With the pictures omitted, set down exactly the lines from the one that contains "Swing Coloring Pages" through the last line of the data.

........

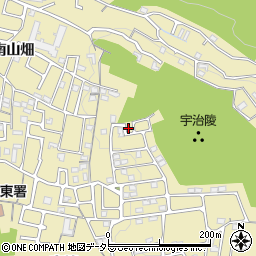 京都府宇治市木幡南山12-211周辺の地図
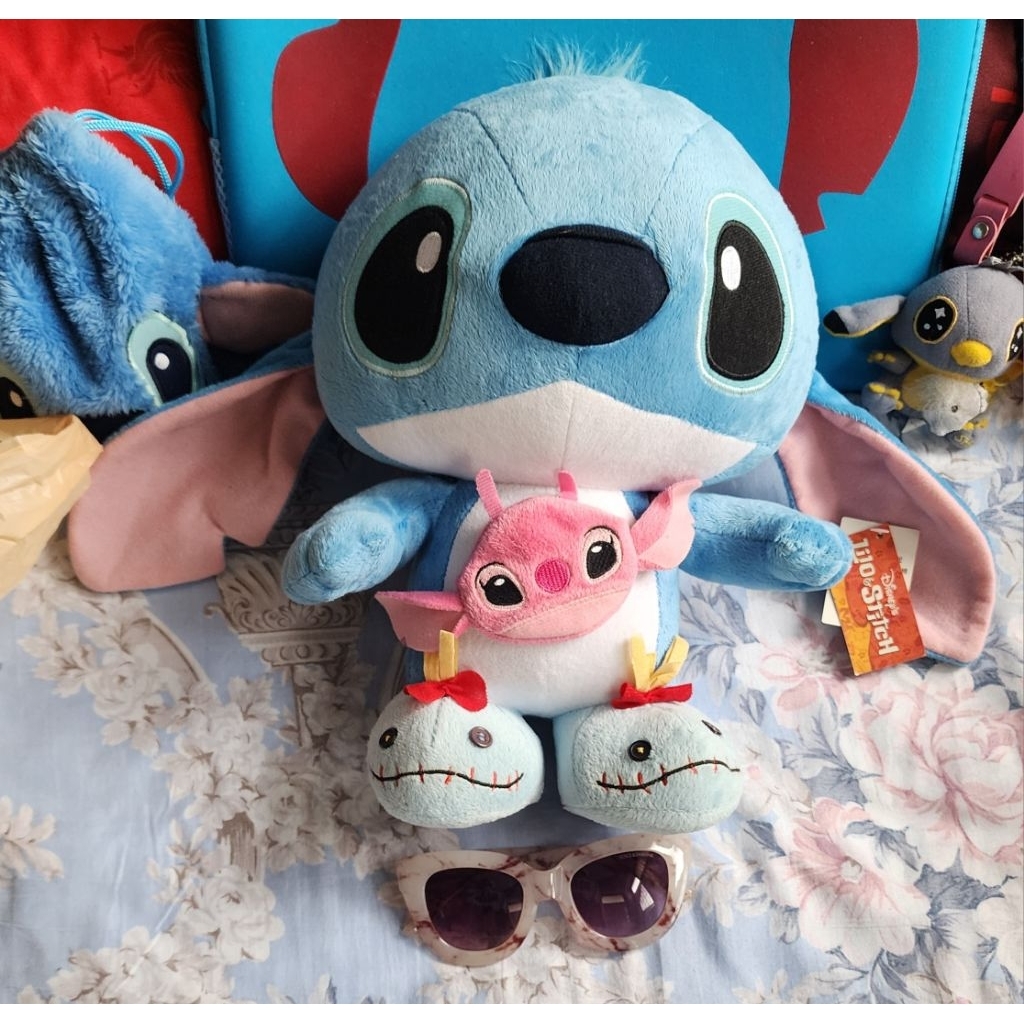 ตุ๊กตารูปสติช (Stitch) -สะพายกระเป๋า Angel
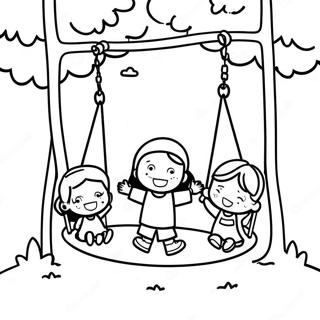 Swing Coloring Pages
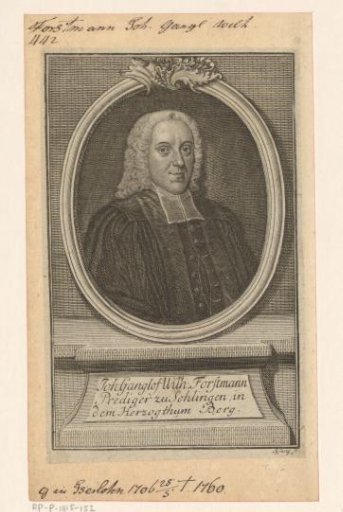 Portrait of Johann Gangolf Wilhelm Forstmann
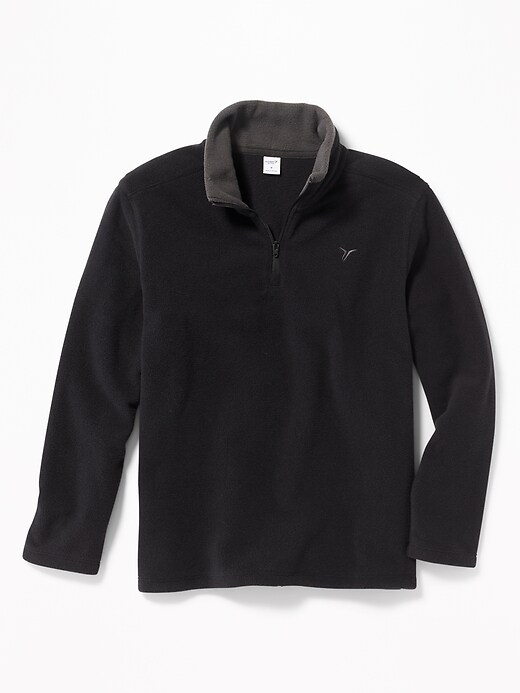 View large product image 1 of 1. Go-Warm Micro Performance Fleece 1/4-Zip Pullover for Boys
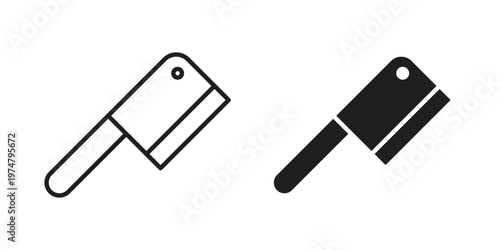Butcher knife icon for graphic and web design. EPS10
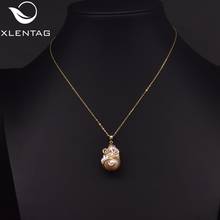 Xlenag Natural Baroque Pearl Necklace 925 Silver Noble And Luxurious Pearl Pendant Fashion Personality Necklace Jewelry GN0222 2024 - buy cheap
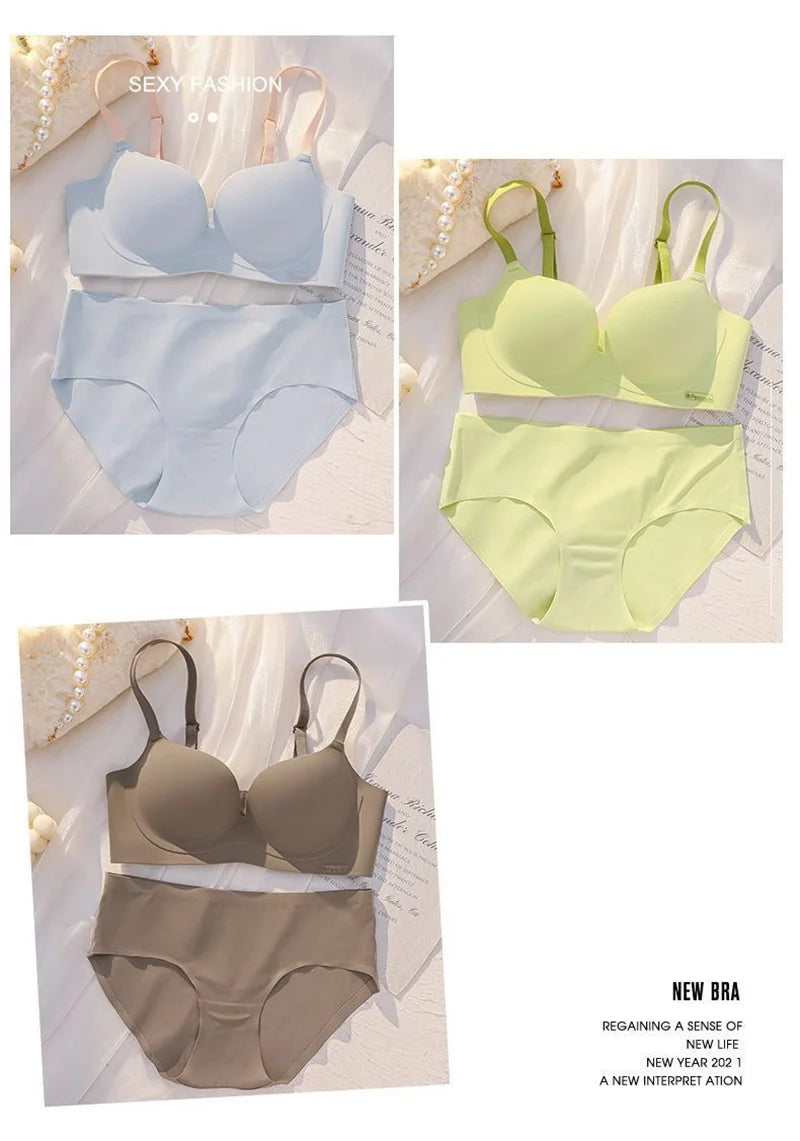 Ropa Interior Femenina Lingerie Set for Women Korean Style Push Up Bra And Panty Set Women's Panties Underwear Mujer Bralette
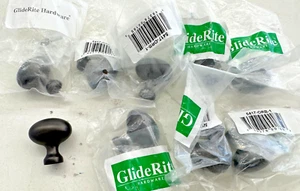 Lote 9 Perillas Tiradores de Cajón GlideRite Negro 5417-ORB-1 7/8" Redondas 849376001859 - Imagen 1 de 6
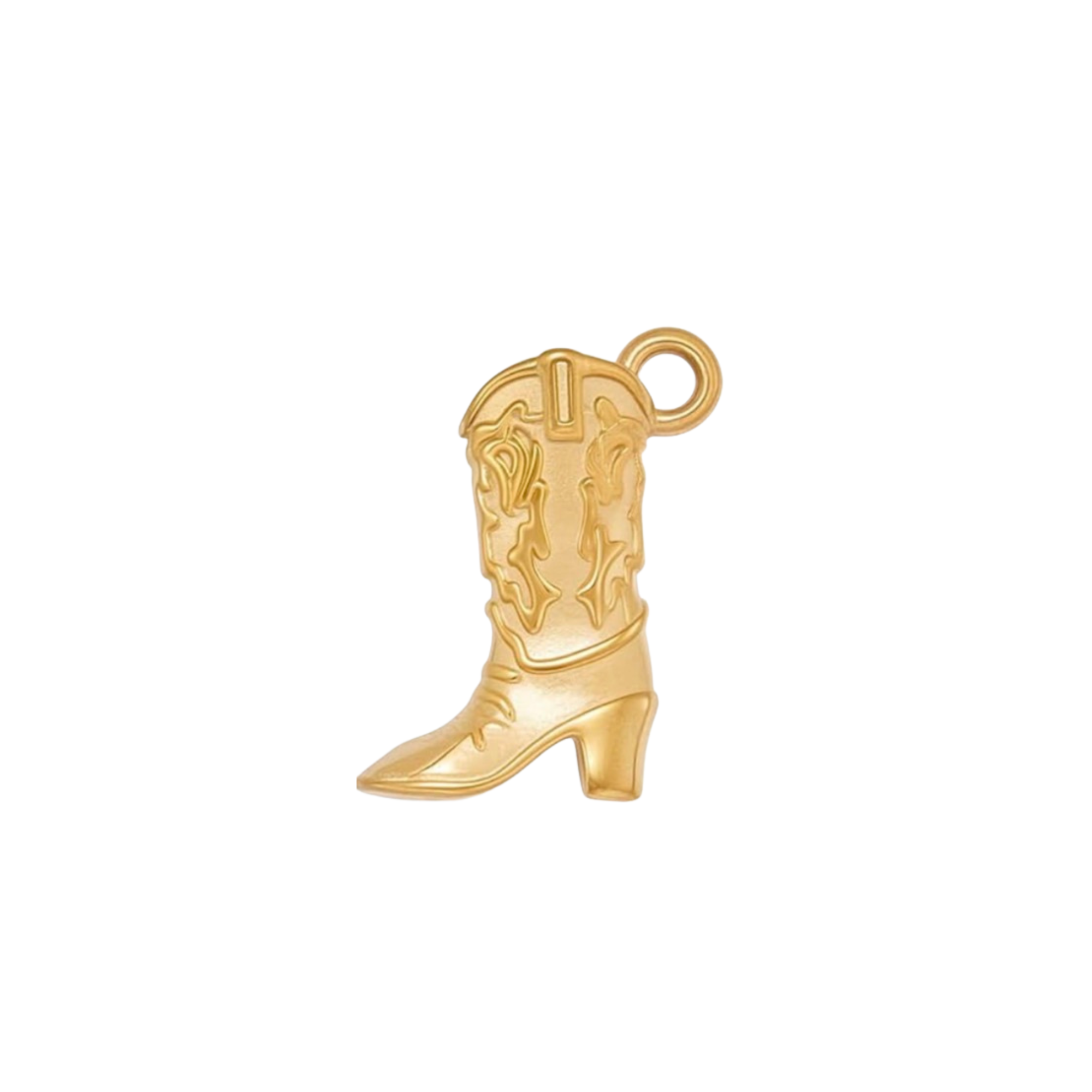 Gold Cowboy Boot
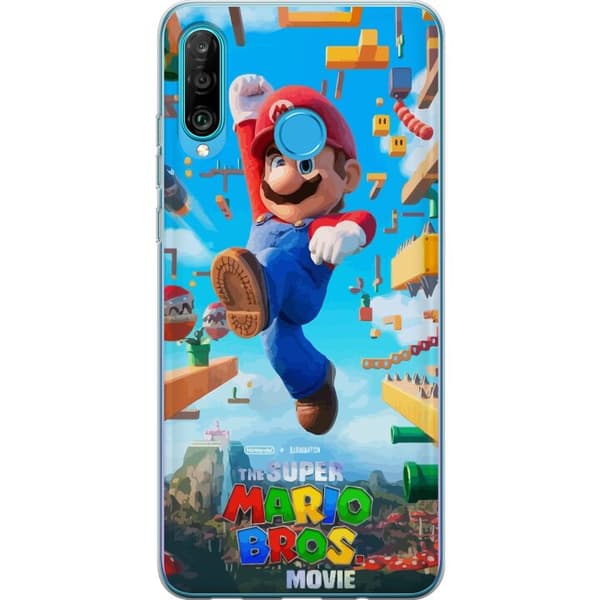 Kompatibelt Mobilskal till Huawei P30 lite Super Mario Bros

........

▶ _RESPONSE_:
 Swing Coloring Pages
 Portrait of Johann Gangolf Wilhelm Forstmann
 View large product image 1 of 1. Go-Warm Micro Performance Fleece 1/4-Zip Pullover for Boys
Butcher knife icon for graphic and web design. EPS10
 Xlenag Natural Baroque Pearl Necklace 925 Silver Noble And Luxurious Pearl Pendant Fashion Personality Necklace Jewelry GN0222 2024 - buy cheap
 Ropa Interior Femenina Lingerie Set for Women Korean Style Push Up Bra And Panty Set Women's Panties Underwear Mujer Bralette
 Lote 9 Perillas Tiradores de Cajón GlideRite Negro 5417-ORB-1 7/8" Redondas 849376001859 - Imagen 1 de 6
 Gold Cowboy Boot
 Kompatibelt Mobilskal till Huawei P30 lite Super Mario Bros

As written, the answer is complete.